The opening and closing ceremonies have their own issues. For one, having them covered like a news or sports event rather than just turning the cameras on and letting the show unfold. With London 2012's opening ceremony, NBC defended themselves by saying that such a show needed "context", but the commentators were... not particularly helpful, let's say. Also, in both the 2010 and 2012 closing ceremonies, they cut away from the show for both news (OK, that's understandable) and a special debut of a new series, picking up the ceremony again an hour later. The 2012 opening ceremonies also edited out a performance of the hymn "Abide With Me" in favor of an interview with swimmer Michael Phelps; NBC denied knowing the segment was a tribute to the people who died in the July 7, 2005 bombings in London, but they cut it anyway as unsuitable for American audiences. Meanwhile, that year's closing ceremony had nearly an hour edited out for time, which was especially egregious since the broadcast started with a good hour of time used for a retrospective before airing the ceremony proper.
On top of that, NBC has absolutely no live coverage of the Paralympics. All we're getting is five highlight shows, along with a 90-minute retrospective... which will air a week after the closing ceremonies.
On the other side of the pond, however, The BBC managed to completely and utterly avert this trope with comprehensive coverage (they set up a temporary channel for every sport!) web streaming, a top notch web site and more. Apparently people from over the world were trying to find ways around the iPlayer region lockouts because the BBC coverage was just so much better than what was being shown in other countries. The effort and slick execution put into their coverage has rightly earned Auntie huge praise.
Only a Flesh Wound: Athletes have competed and won medals with injuries that would leave them perfectly justified in curling up into whimpering balls of pain.
Gymnast Kerri Strug was the last gymnast to vault on the American team rotation in the 1996 Atlanta Games. She was following up a two-fall showing by Dominique Moceanu — and she proceeded to fall on her rear on her first vault, injuring her leg. Well, Kerri wasn't about to stand for that. Despite injuring her ankle on her first vault, she calmly walked back to the end of the runway, vaulted again, and stuck her landing on one foot because her ankle had third-degree lateral sprain and tendon damage. Her courageous vault sealed the first US women's team gold in Olympic history.
At the 2010 Olympics, Slovenian cross-country skier Petra Majdic takes a brutal spill in practice, falling about ten feet down a hill into a gully. She comes out for the qualifying run and qualifies collapsing in pain and unable to stand after. After returning from x-rays at the hospital, she wins her quarterfinal, then gets a lucky loser spot in the semis to qualify for the final, all in abject agony. Four races, five broken ribs, and one pneumothorax later, she came out of it all with a bronze medal.
In the 2006 Turin Olympics, Chinese figure skater Zhang Dan fell while attempting a quadruple salchow jump during the free skate program, injuring her leg as a result. But her and her partner Zhang Hao decided to continue the program and they had enough points to finish with a silver medal.
In the 2012 men's 4x400 relay, Manteo Mitchell was halfway through his 400 meter lap when he literally heard his left leg bone snap in half.
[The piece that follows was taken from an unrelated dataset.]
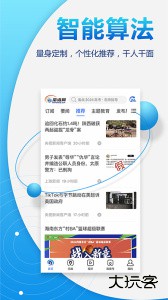 南海网app官方版客户端下载 v7.1.1安卓版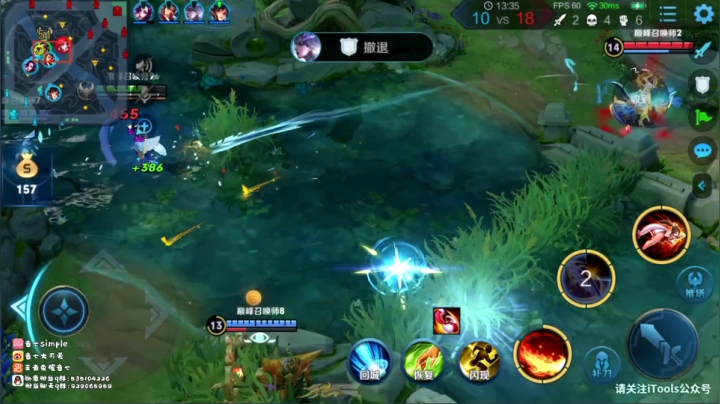 【2021-01-09 18点场】音七Simple：法师巅峰赛冲冲冲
He still managed to finish the last half of his leg in a good enough time for the US relay team to qualify for the finals.
Opposing Sports Team / Designated Villain: Team USA. While some of America's athletes are still rooted on and gain a fandom from other countries, not many become too pleased when the US wins the Gold Medal Count...but rejoice if they reach second or less in the gold medal count. And then there's the overall vs gold debate like was mentioned above. It is not uncommon; and pretty ironic, to see this hatedom root for another "superpower" like China or Russia just to see the US lose.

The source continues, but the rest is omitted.